The primary burden under TUPE falls on the new contractor who has acquired the existing work force along with the contract. This may cause problems for the customer of that contractor if that has the effect of preventing the cost savings that a customer may have been hoping for. Other issues arise out of reductions in the size of the work force on the change of the contract. That in turn may entail the contractor then becoming liable for unfair dismissal claims as a result of the transfer. If the customer has agreed to indemnify the new contractor for such liabilities, this may prove very expensive.
In the UK, all outsourcings of services by the public or private sector are normally carefully scrutinized for the effects of TUPE. Certain due diligence must be done in deciding whether it is all right to proceed in the light of TUPE compliance and there may be special contractual provisions to give warranties and indemnities to protect the contractor from taking on liabilities in excess of those normally expected.
Editor: Do the TUPE rules apply to outsourcing beyond the UK?
Sippitt: It is normal in Europe. It is an EU-wide provision. The law we have in the UK has been in place since 1981, deriving from a European directive of 1977. What I have described is in place throughout the EU although its application does vary to some extent from one jurisdiction to another. The fundamentals are to be found throughout the EU. American clients have had us undertake research and give advice about several European jurisdictions where they are carrying out a process, which may entail the change of contractors across several countries at once. Alternatively, there may perhaps be a single contractor providing services to a U.S. company across several countries. If it decides to change that contractor, then we move into the complexity that in each jurisdiction in which the services are provided the laws protecting employees differ somewhat. But, they all have the common theme that workers are to be protected when there is a transfer of business. They are given the assurance that they will keep their jobs under the same terms and conditions unless there are legally acceptable justifications for their dismissal.

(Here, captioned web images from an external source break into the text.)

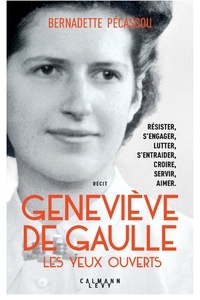 Bernadette Pécassou-Camebrac - Geneviève de Gaulle, les yeux ouverts.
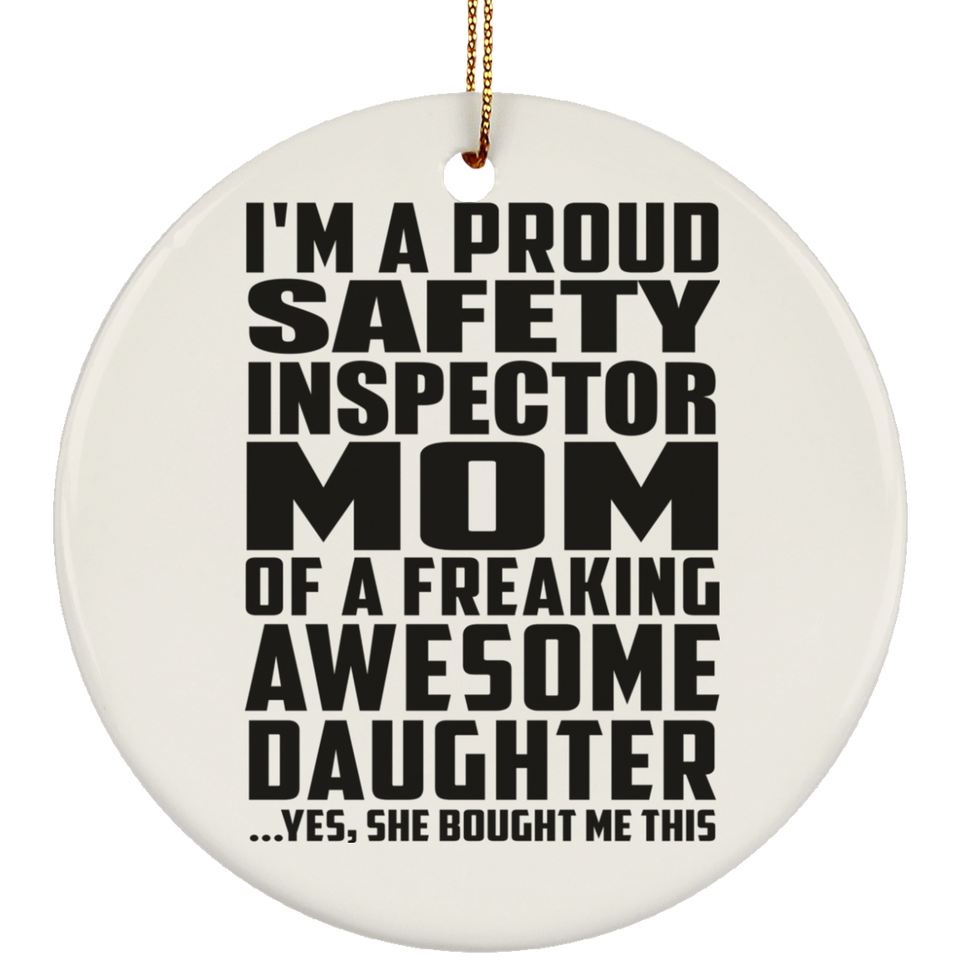 Proud Safety Inspector Mom Of Awesome Daughter - Circle Ornament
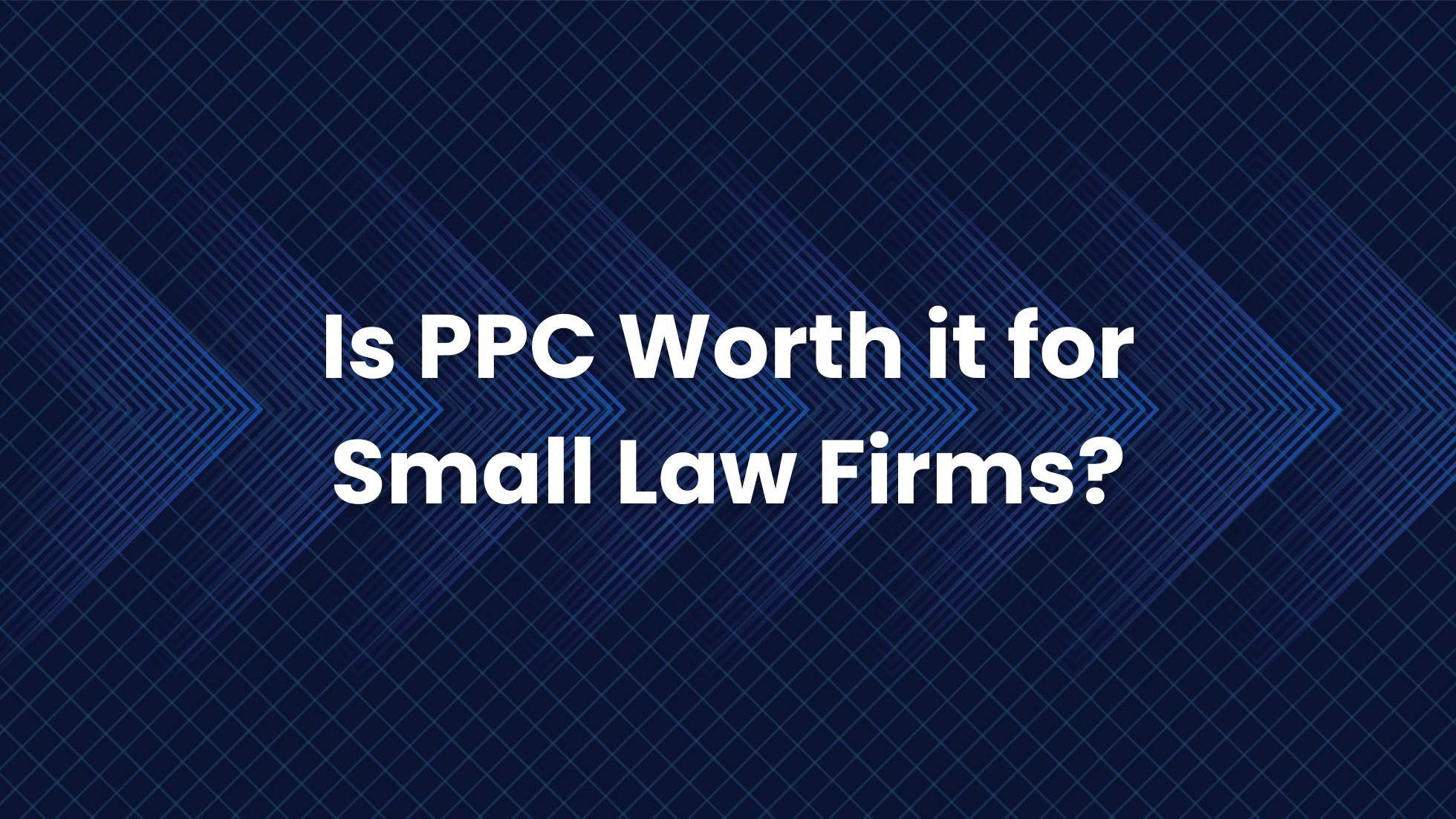 Is PPC worth it for small law firms explained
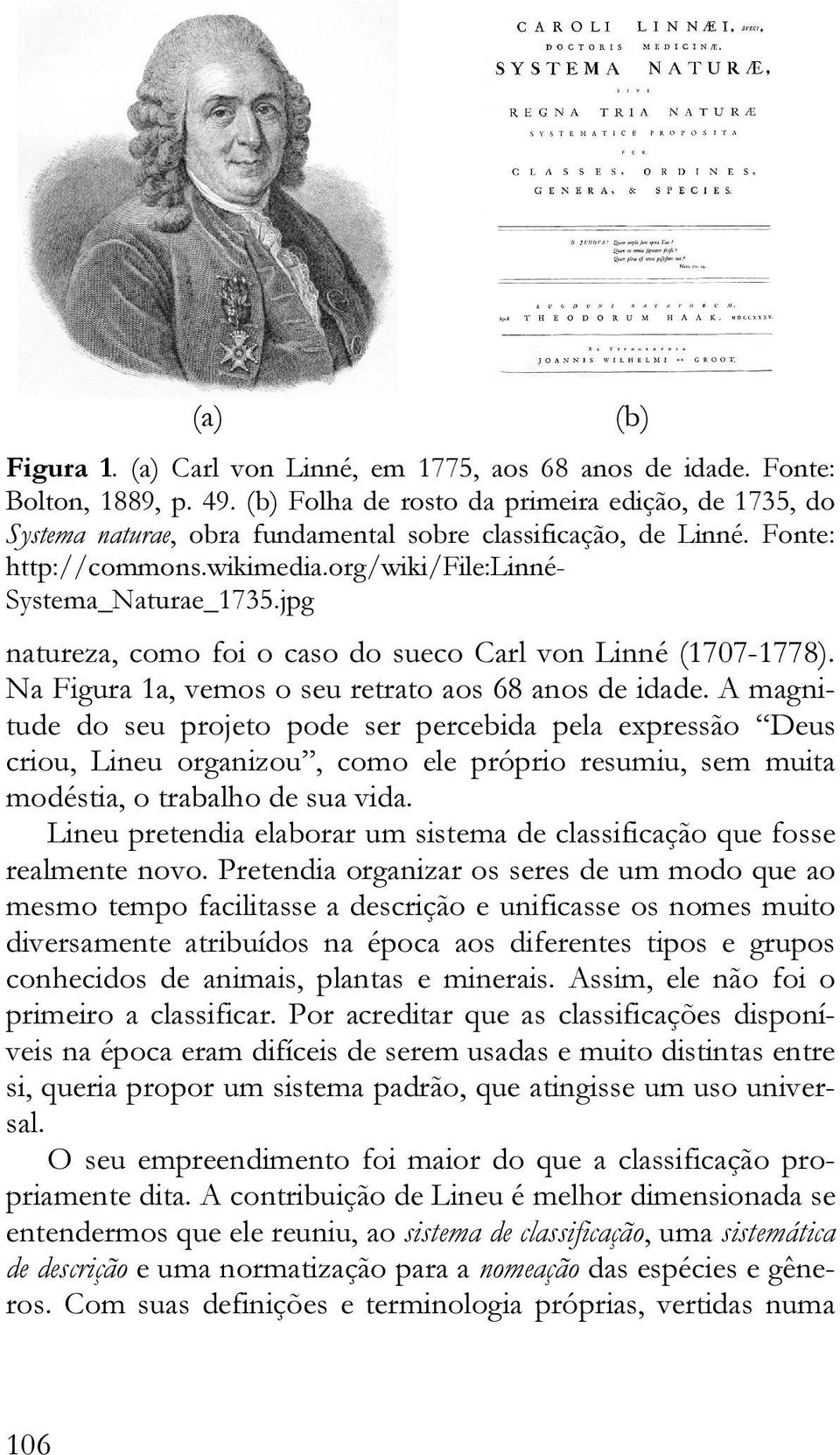 jpg natureza, como foi o caso do sueco Carl von Linné (1707-1778). Na Figura 1a, vemos o seu retrato aos 68 anos de idade.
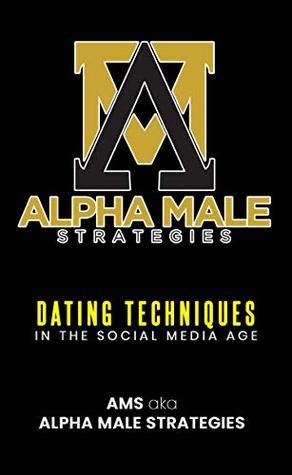 Alpha male strategies online dating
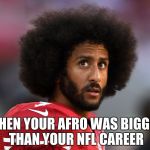 Facts? | WHEN YOUR AFRO WAS BIGGER THAN YOUR NFL CAREER | image tagged in i kneel with colin,stupid,funny,nfl,colin kaepernick | made w/ Imgflip meme maker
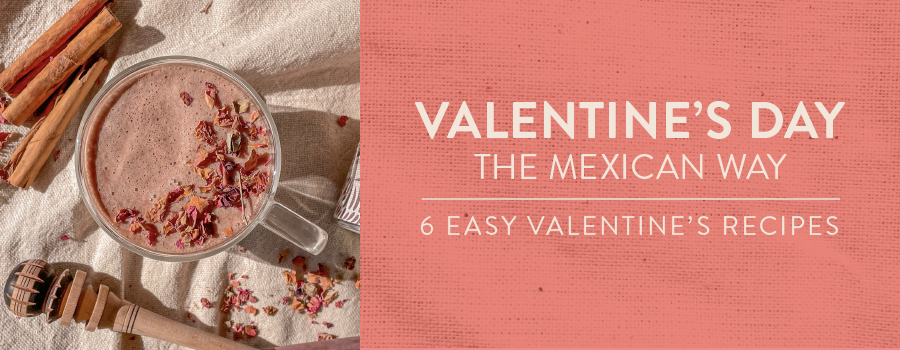 6 Easy Mexican Valentine's Recipes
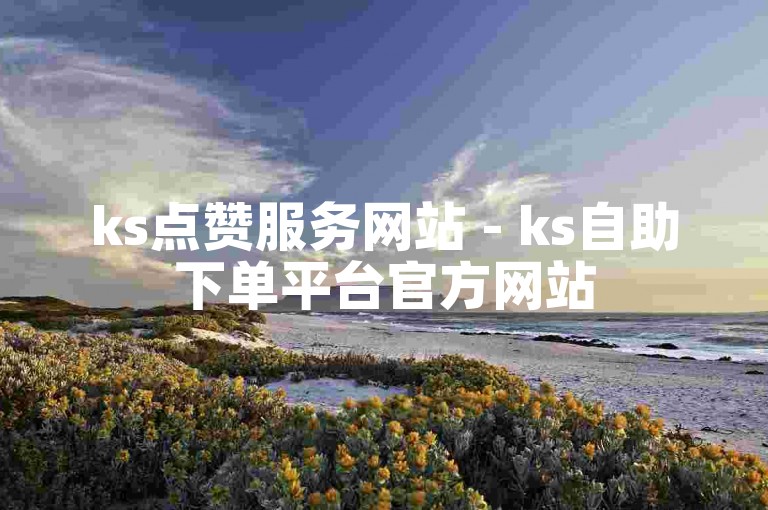 ks点赞服务网站 - ks自助下单平台官方网站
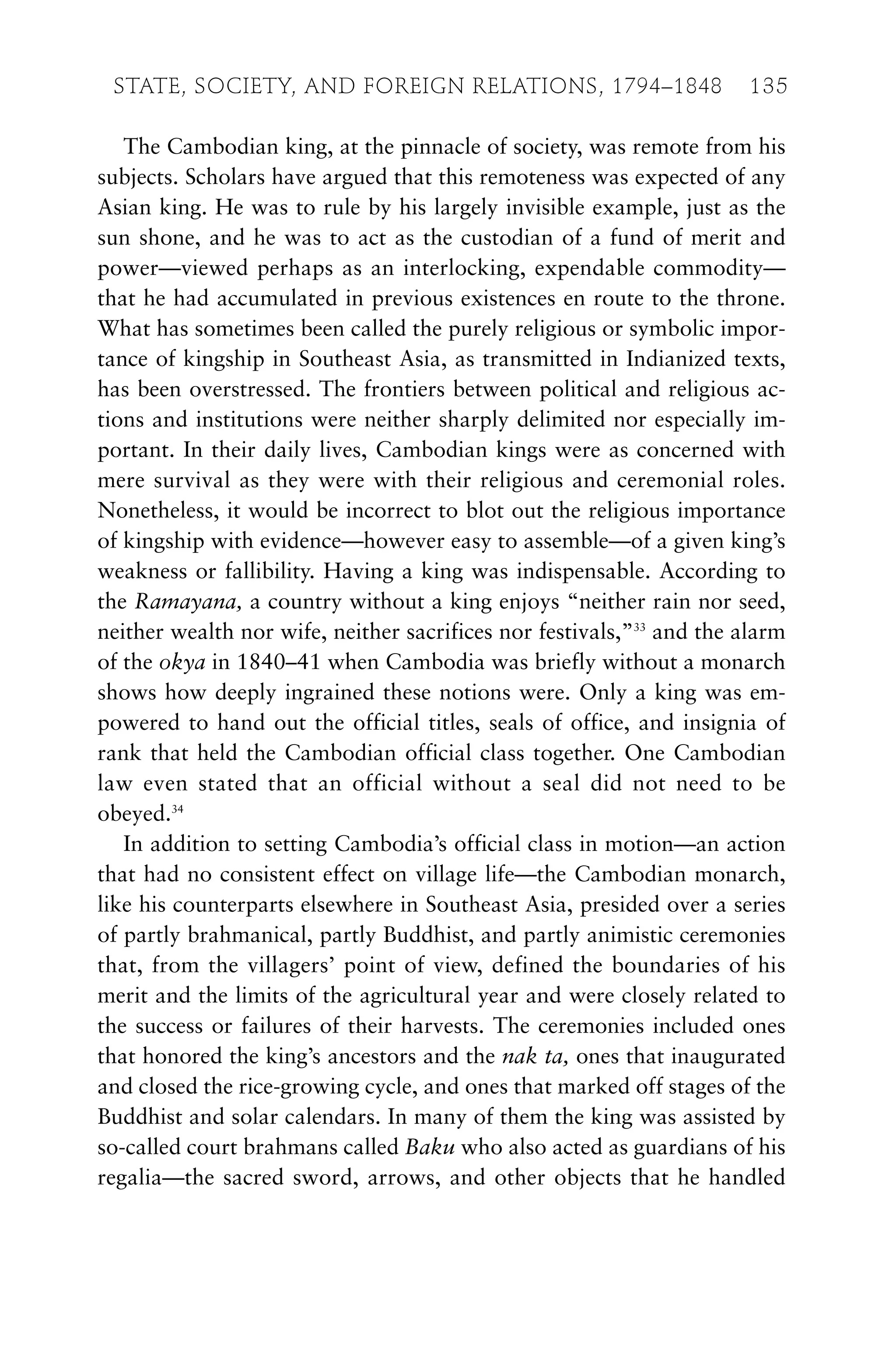 The Cambodian king, at the pinnacle of society, was remote from his
subjects. Scholars have argued that this remoteness was expected of any
Asian king. He was to rule by his largely invisible example, just as the
sun shone, and he was to act as the custodian of a fund of merit and
power—viewed perhaps as an interlocking, expendable commodity—
that he had accumulated in previous existences en route to the throne.
What has sometimes been called the purely religious or symbolic impor-
tance of kingship in Southeast Asia, as transmitted in Indianized texts,
has been overstressed. The frontiers between political and religious ac-
tions and institutions were neither sharply delimited nor especially im-
portant. In their daily lives, Cambodian kings were as concerned with
mere survival as they were with their religious and ceremonial roles.
Nonetheless, it would be incorrect to blot out the religious importance
of kingship with evidence—however easy to assemble—of a given king’s
weakness or fallibility. Having a king was indispensable. According to
the Ramayana, a country without a king enjoys “neither rain nor seed,
neither wealth nor wife, neither sacrifices nor festivals,”33
and the alarm
of the okya in 1840–41 when Cambodia was briefly without a monarch
shows how deeply ingrained these notions were. Only a king was em-
powered to hand out the official titles, seals of office, and insignia of
rank that held the Cambodian official class together. One Cambodian
law even stated that an official without a seal did not need to be
obeyed.34
In addition to setting Cambodia’s official class in motion—an action
that had no consistent effect on village life—the Cambodian monarch,
like his counterparts elsewhere in Southeast Asia, presided over a series
of partly brahmanical, partly Buddhist, and partly animistic ceremonies
that, from the villagers’ point of view, defined the boundaries of his
merit and the limits of the agricultural year and were closely related to
the success or failures of their harvests. The ceremonies included ones
that honored the king’s ancestors and the nak ta, ones that inaugurated
and closed the rice-growing cycle, and ones that marked off stages of the
Buddhist and solar calendars. In many of them the king was assisted by
so-called court brahmans called Baku who also acted as guardians of his
regalia—the sacred sword, arrows, and other objects that he handled
STATE, SOCIETY, AND FOREIGN RELATIONS, 1794–1848 135
 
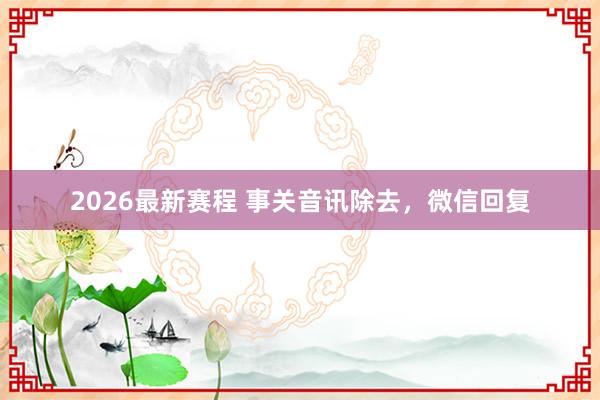 2026最新赛程 事关音讯除去，微信回复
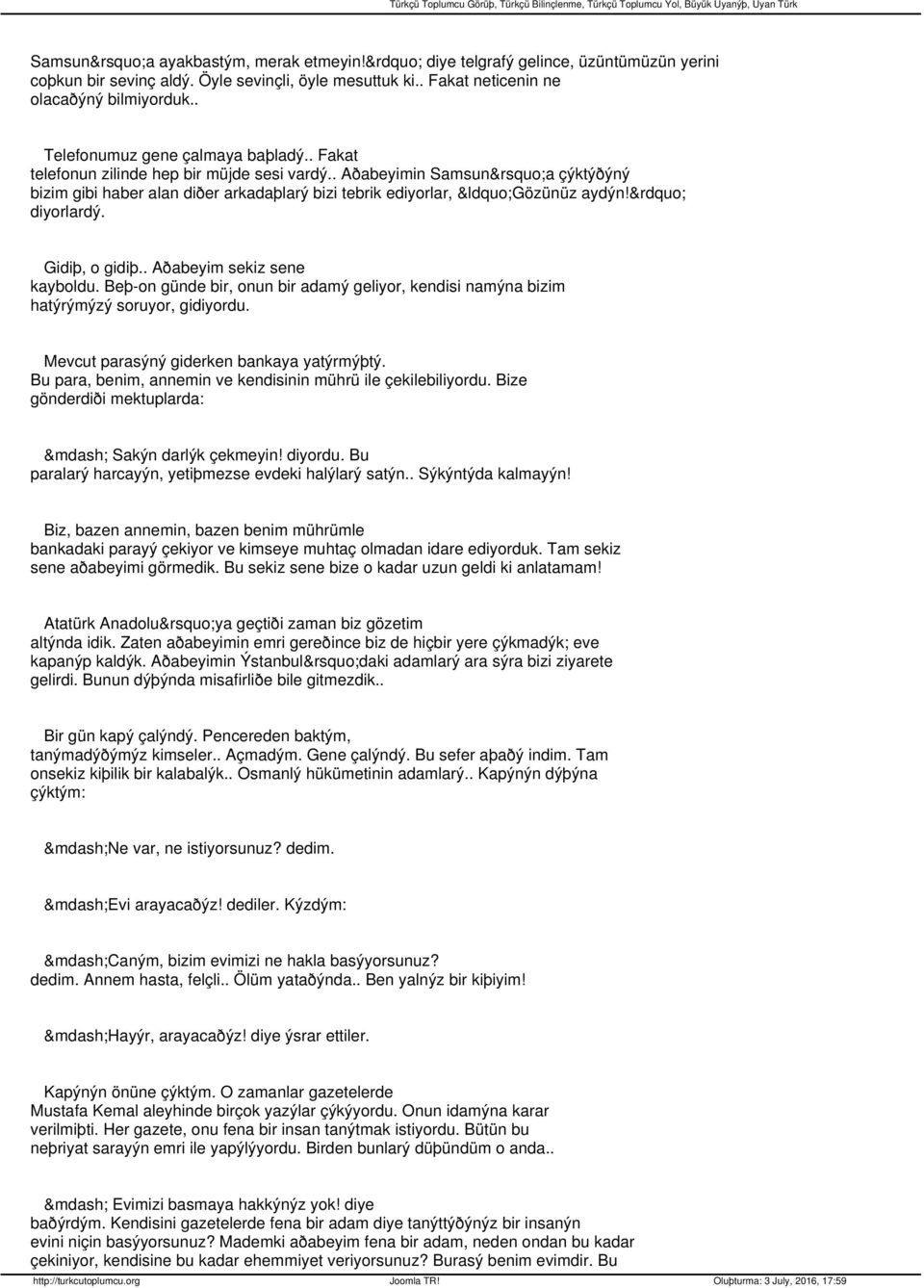 diyorlardý. Gidiþ, o gidiþ.. Aðabeyim sekiz sene kayboldu. Beþ-on günde bir, onun bir adamý geliyor, kendisi namýna bizim hatýrýmýzý soruyor, gidiyordu. Mevcut parasýný giderken bankaya yatýrmýþtý.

Editor: You mentioned in an earlier writing that there are three categories of persons: employees, workers and independent contractors. Is there any bright line that separates the three?
Sippitt: An employee is a person who is accepted as an employee, given a contract as an employee, totally in the control of the employer as to the manner for conducting his work, and treated for tax purposes as an employee. The far end of the spectrum is a self-employed person in a totally separate business, such as a lawyer or accountant who performs outside services to a client. These persons are not in the control of one particular company that they provide services to. They are taxed as self-employed.
The problem lies with the middle group, the "worker." Here people can be deemed workers without being employees. This is where people are personally providing a service but do not have a full employment status. This sometimes includes casual workers where there is no mutuality of obligation. Mutuality of obligation is a principle whereby both parties have committed that one will provide work while the other will perform work for a reward. In the case of the worker there may not be an ongoing employment relationship, and the workers may decline work whenever they wish.
One of the traps in the UK is that assuming that because the worker is casual, the employer can be casual in the way in which it manages these people. There has been a trend in recent years to extend certain rights to workers as well as employees. Many laws apply to workers as well as employees. This includes laws with respect to safety, length of working hours, discrimination rights and certain other matters. If the employer does not manage the relationship with these workers correctly, it may also inadvertently create an employment relationship. If one is trying to avoid creating an employment relationship, it is important that the relationship with the casual worker be carefully documented and managed in a way that avoids creating the mutuality of obligation that would confer employment status and therefore additional rights.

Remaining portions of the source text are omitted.